The 1930 Dominion of Canada Football Championship was the 15th staging of Canada Soccer's domestic football club competition. Westminster Royals FC won the Challenge Trophy after they beat Montréal CNR in a best-of-three series at Carruthers Park in Winnipeg from 29 July to 2 August 1930. It was Westminster's second of four Dominion titles in a nine-year span from 1928 to 1936.

After winning the British Columbia section, Westminster Royals FC beat Calgary Hillhurst FC and Winnipeg Hearts on the road to the Canadian Final.

The Canadian final was watched by 7,000 fans in Winnipeg.

==Qualifiers==
Calgary Hillhurst FC def. Edmonton Callies (Alberta Final)

Westminster Royals def. Calgary Hillhurst FC (BC/AB Final)

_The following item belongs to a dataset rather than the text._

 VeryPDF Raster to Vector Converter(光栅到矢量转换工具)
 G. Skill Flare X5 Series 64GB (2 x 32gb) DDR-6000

Westminster Royals def. Winnipeg Hearts (Western Final)

==National Final==
2 games to 1

Montreal Canadian National 5–0 in the 2nd game (31-Jul-1930)
Westminster Royals 1–0 in the 3rd game (3-Aug-1930)

==Rosters==

===Montreal===
Nelson; Barnes and Duguid; Low, Kerr and Campbell; Howley, Henderson, Bill Finlayson, Westwater, Green.

===New Westminster===
Sanford; Anderson and Waugh; Les Rimmer, Stoddart and Delaney; McDougall, Trotter, Coulter, Turner, D'Easum.